▶ WORK INSTRUCTION: Exactly as written, output the lines below starting from the first and ending with the line that contains "At this stage, it"; omit pictures.

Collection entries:
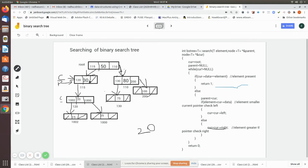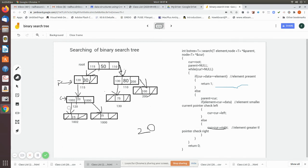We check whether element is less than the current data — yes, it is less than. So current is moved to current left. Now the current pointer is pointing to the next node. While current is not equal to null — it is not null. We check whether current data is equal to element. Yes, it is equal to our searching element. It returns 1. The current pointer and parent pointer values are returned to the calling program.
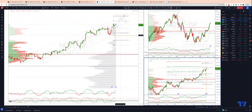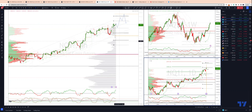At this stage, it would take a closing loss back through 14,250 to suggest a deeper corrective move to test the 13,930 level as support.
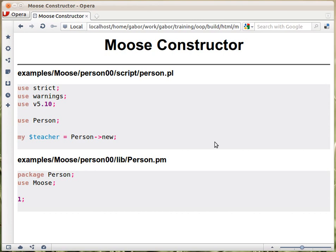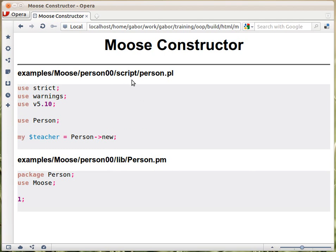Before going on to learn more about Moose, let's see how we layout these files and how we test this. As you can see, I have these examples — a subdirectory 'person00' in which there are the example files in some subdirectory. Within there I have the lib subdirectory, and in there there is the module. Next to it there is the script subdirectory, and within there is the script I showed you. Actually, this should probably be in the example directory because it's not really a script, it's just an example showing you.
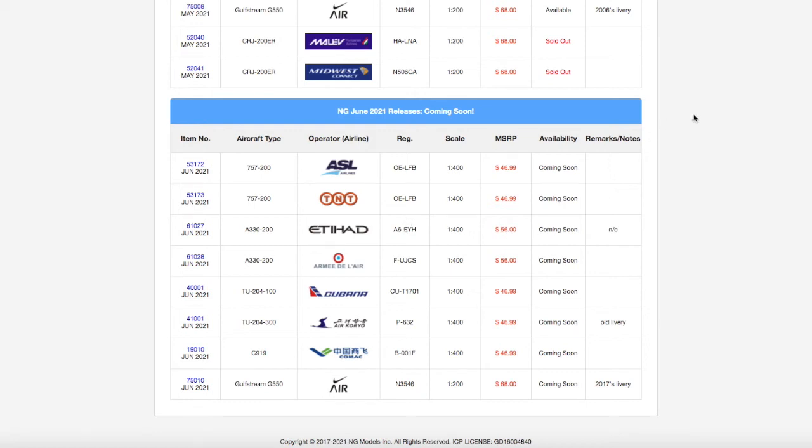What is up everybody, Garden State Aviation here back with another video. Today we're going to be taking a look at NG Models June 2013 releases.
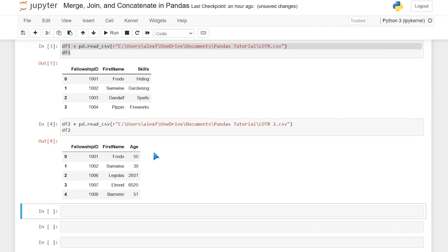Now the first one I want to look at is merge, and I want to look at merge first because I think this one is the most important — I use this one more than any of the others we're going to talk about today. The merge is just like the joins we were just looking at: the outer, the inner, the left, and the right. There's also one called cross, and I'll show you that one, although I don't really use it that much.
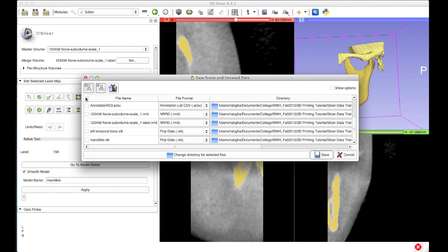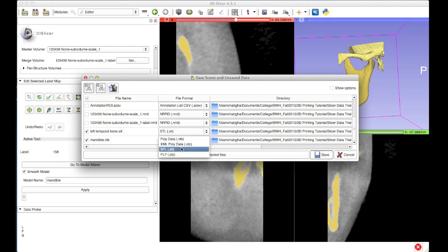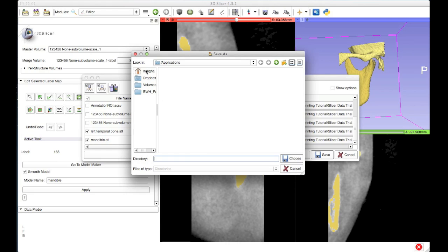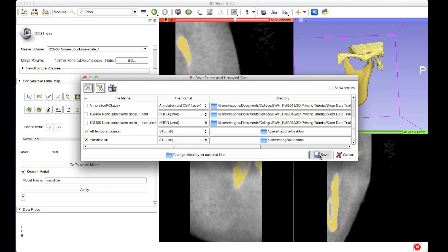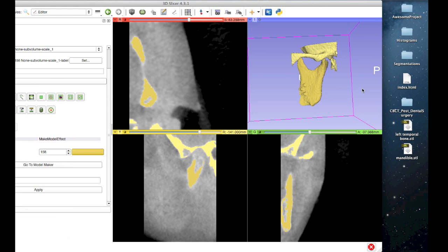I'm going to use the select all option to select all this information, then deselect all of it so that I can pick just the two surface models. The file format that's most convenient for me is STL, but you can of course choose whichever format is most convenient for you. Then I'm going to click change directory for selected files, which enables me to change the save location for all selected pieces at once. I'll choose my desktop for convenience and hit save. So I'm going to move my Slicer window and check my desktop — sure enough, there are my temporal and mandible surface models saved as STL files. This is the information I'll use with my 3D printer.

▶ TASK SOLUTION:
We check whether element is less than the current data — yes, it is less than. So current is moved to current left. Now the current pointer is pointing to the next node. While current is not equal to null — it is not null. We check whether current data is equal to element. Yes, it is equal to our searching element. It returns 1. The current pointer and parent pointer values are returned to the calling program.
At this stage, it would take a closing loss back through 14,250 to suggest a deeper corrective move to test the 13,930 level as support.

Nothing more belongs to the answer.